= Honau Abbey =

Monastic foundation

The Abbey of Honau was a monastic foundation in Northern Alsace which flourished from the 8th century until 1290, when it succumbed to the flood-waters of the Rhine.

The Abbey was founded by Irish and Scottish monks at the beginning of the 8th century, on an island in the Rhine close to the present day village of La Wantzenau (and Honau, which is part of Rheinau), which was later built on Abbey lands. The first abbot was Benedict (alias Benoît).

In 720, Duke Adalbert of Alsace, the brother of Saint Odile, built a new abbey for the monks, just four years after he had built the Abbey of St Stephen in Strasbourg. The Abbey was dedicated to Saint Michael the Archangel, a popular saint at the time, as can be testified by the establishment of the abbeys of Mont St Michel in Normandy and Saint Mihiel in Lorraine in the same period.

On Adalbert's death in 723, the abbey passed to King Theuderic IV. The abbey continued to benefit from numerous generous donations. Benedict, who was still living in 726, eventually resigned as abbot and chose Tuban as his successor. Tuban is mentioned in several records of donations to the Abbey (Grandidier, op.cit.).
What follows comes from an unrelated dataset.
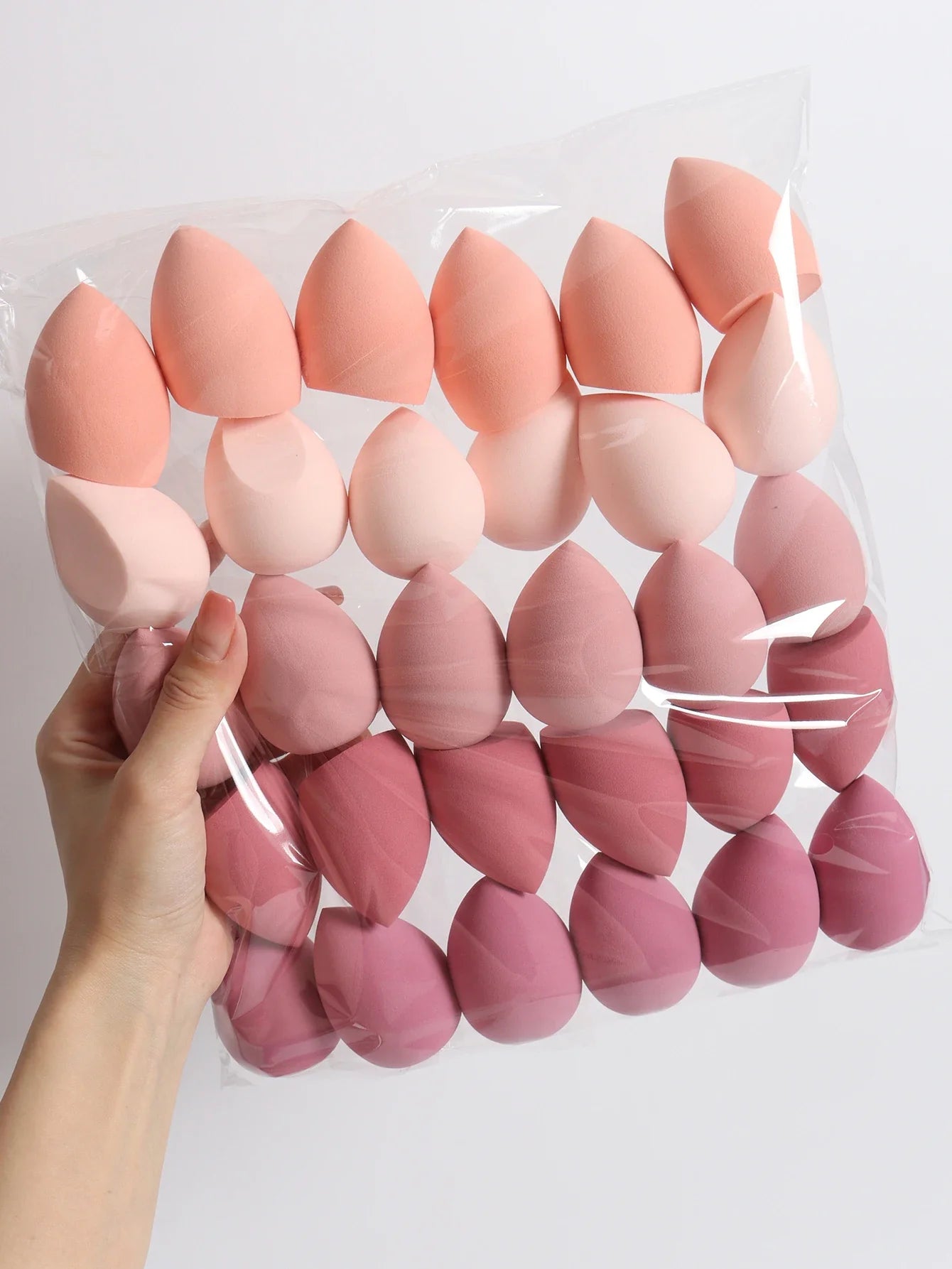 30 Beauty Eggs (Makeup Sponges) Foundation Make-Up Mixed Beauty Sponge, Liquid, Cream and Powder Without Blemish, Multi-Color C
The subsequent abbots were Etienne, followed by Beatus. In 776 the Abbot Beatus is mentioned in a Charter from Charlemagne, referring to him as bishop and confirming that the Abbey would continue to be administered by Irish monks (Grandidier, op.cit.). According to Grandidier, the number of monks increased considerably during the time of Beatus and monks were sent out to found other churches and monasteries, including those at Luttenbach, in Alsace Aschaffenburg in Germany and Munster in Switzerland, all of which depended on Honau. Beatus was succeeded as Abbot by Edigan, who in turn was succeeded by Thomas. The first five abbots were all referred to as saints in the calendar of Saint Pierre le Vieux in Strasbourg, which, at the time of Grandidier, still claimed to hold relics of all five.

Although some writers claim the Abbey as a Benedictine foundation, this is disputed by Hunkler, who argues that it has not proved possible to associate the abbey to any particular monastic order.
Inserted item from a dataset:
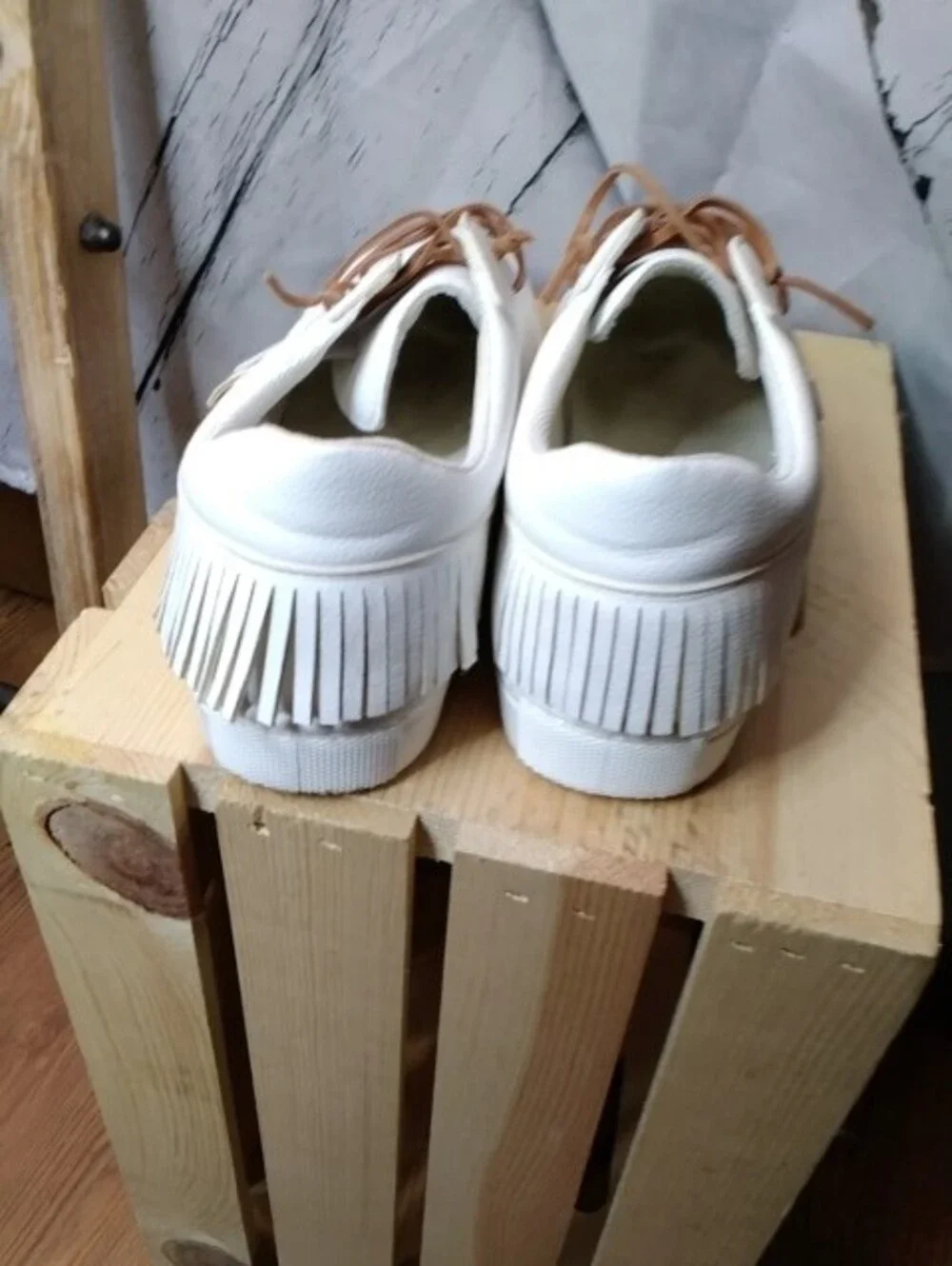 White Womens Fringe Sneakers with Tan Laces Size 10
Several of the early abbots had the title bishop, leading to speculation that the abbey was the seat of a bishopric, but it is more probable that they were regional bishops.
In the 11th century, the Abbey became secularised, a chapter was created (Hunkler, op. cit.)

In 1290, the Abbey was abandoned, when the island was threatened by floodwaters. On 7 September 1290 Conrad de Lichtenberg, the Bishop of Strasbourg, transferred the Chapter to Rhinau, where a new Abbey was built, this too on an island in the Rhine. The same fate befell this second Abbey, which was abandoned in 1398 due to flooding. The Chapter then moved to Strasbourg on 22 May 1398, where the canons were permitted to practice their liturgy in the church of Saint Pierre le Vieux (Hunkler, op. cit.). They stayed there until 1790, when the Chapter was wound up, apart from the period 1529 to 1683 when, because of the Reform, they were not allowed to use the Church.

==The cartulary of Honau==
The now lost cartulary of Honau, written in 1079, and described by a 17th-century Jesuit, recorded over a thousand charters from the foundation of the abbey until the time of Charlemagne.
Some of these are listed in Bishop Reeves' article.